Monday, January 14, 2008

Liaison

Writing this on the plane on the way back from Seoul, to San Francisco, 4 days before departing for Tel Aviv. And what language have I been studying? Not Korean, though it’s impossible to turn off the ‘studying ears’ in public places, in discussion with family members, when watching media...in other words, when living. And I haven’t been touching a word of Hebrew. Though we’ll only be there for 5 days, it’s such a shame at this point not to even know how to say hello. I better pick up some kind of resource when I’m stopping over in Berkeley.

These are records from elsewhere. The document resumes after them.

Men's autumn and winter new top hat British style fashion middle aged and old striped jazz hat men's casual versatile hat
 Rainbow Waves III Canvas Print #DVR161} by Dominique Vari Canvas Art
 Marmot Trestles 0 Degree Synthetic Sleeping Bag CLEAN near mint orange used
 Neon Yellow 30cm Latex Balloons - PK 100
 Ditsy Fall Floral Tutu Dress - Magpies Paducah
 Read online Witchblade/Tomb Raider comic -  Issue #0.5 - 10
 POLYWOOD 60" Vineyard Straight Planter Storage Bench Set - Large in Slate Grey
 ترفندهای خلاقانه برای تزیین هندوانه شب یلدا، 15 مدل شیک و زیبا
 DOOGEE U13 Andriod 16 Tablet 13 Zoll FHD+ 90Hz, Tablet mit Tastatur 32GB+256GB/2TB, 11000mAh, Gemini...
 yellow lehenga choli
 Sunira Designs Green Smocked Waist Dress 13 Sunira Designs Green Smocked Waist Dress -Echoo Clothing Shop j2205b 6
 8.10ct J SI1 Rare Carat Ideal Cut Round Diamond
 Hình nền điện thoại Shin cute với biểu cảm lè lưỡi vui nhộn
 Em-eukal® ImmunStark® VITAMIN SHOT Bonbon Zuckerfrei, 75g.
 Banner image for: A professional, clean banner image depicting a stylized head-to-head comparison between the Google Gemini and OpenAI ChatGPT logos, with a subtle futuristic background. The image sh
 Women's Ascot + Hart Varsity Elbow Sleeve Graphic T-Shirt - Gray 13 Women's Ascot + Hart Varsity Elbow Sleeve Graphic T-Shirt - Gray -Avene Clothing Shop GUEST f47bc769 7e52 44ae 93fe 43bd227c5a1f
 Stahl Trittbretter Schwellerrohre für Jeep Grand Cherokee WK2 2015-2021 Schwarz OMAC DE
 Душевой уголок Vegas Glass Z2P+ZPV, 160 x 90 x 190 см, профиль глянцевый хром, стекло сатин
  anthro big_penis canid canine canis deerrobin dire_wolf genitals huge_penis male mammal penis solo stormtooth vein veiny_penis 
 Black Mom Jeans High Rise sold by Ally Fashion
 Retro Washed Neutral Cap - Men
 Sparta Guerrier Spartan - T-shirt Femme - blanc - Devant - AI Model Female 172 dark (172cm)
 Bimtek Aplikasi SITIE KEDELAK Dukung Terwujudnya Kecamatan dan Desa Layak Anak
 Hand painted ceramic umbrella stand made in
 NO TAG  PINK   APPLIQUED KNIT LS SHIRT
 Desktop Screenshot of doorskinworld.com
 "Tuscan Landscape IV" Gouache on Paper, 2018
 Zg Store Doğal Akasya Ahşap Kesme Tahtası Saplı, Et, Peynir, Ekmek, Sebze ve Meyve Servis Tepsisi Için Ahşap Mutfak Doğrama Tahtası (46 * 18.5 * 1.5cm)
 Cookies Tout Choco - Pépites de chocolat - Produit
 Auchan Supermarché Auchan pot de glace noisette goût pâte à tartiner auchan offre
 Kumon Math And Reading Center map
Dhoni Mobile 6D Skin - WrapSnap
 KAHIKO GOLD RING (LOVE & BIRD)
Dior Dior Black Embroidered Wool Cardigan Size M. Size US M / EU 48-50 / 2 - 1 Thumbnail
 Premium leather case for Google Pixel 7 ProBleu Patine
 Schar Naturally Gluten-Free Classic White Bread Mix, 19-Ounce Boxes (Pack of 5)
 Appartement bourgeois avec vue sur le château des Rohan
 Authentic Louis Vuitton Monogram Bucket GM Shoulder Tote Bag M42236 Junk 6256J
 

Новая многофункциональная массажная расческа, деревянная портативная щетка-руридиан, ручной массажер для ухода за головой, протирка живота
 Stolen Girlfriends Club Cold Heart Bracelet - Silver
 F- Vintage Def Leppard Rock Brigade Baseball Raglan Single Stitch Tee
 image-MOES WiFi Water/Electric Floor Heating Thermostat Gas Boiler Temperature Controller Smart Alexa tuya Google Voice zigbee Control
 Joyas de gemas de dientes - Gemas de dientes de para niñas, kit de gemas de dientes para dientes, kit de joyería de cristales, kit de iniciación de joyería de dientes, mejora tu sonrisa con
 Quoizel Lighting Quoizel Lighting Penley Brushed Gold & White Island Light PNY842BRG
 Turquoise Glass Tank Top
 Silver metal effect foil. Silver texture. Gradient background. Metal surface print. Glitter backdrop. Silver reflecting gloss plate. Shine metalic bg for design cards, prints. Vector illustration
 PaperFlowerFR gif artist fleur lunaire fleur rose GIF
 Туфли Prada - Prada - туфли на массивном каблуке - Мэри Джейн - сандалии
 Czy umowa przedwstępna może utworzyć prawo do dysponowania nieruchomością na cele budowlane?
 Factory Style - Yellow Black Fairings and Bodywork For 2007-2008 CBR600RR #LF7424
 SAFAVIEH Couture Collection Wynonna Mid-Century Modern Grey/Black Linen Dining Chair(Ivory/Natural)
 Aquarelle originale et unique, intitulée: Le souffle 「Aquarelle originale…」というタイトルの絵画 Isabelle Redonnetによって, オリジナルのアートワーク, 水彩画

So what have I been studying? I’ve been carrying around the single textbook, Entre Amis, which makes many efforts to be culturally relevant, to introduce cultural, pragmatic, discursive practices of interest to students learning the grammatical forms and conversational patterns that appear in the book (how to shrug off compliments when they’re given, how to stall for time in a conversation while thinking, etc.), the geographical layout of the French speaking world, gestures that go along with different expressions (counting with the thumb first etc.). But this French is silent, and it is written and read. The audio that goes along with the book is fine but very sparse—maybe 5 minutes of audio per chapter of 20 pages, equivalent to a few weeks’ study in a class that meets every day for an hour. The understanding here is, of course, that students are in fact in a class with other students and with a teacher who is listening, asking them to repeat, correcting...namely, that there is sound.

The sounds of French echo in my mind, get filtered through my imagination, bounce off of English words and Spanish memories and Korean phonemes and Japanese word-final consonant rules, brush past ghosts of Chinese as well. They wander, float, stream, morph; they are anything but fixed. And they may belong to a parallel or alternate universe altogether. There are no voices attached to them...the imaginary man (I wanted to say “아저씨” at the patisserie who I see in the morning, the sound of the teacher’s voice reverberating slightly off the hard walls and floor of the French 1 classroom at Berkeley, the sounds of friends I have yet to meet...or who may become nothing more than figments of my imagination.

Yes, I admit it—the first person I imagined in France was the owner of the patisserie. Bread, pastries, cakes are a significant part of my vision at this point, for better or for worse. :)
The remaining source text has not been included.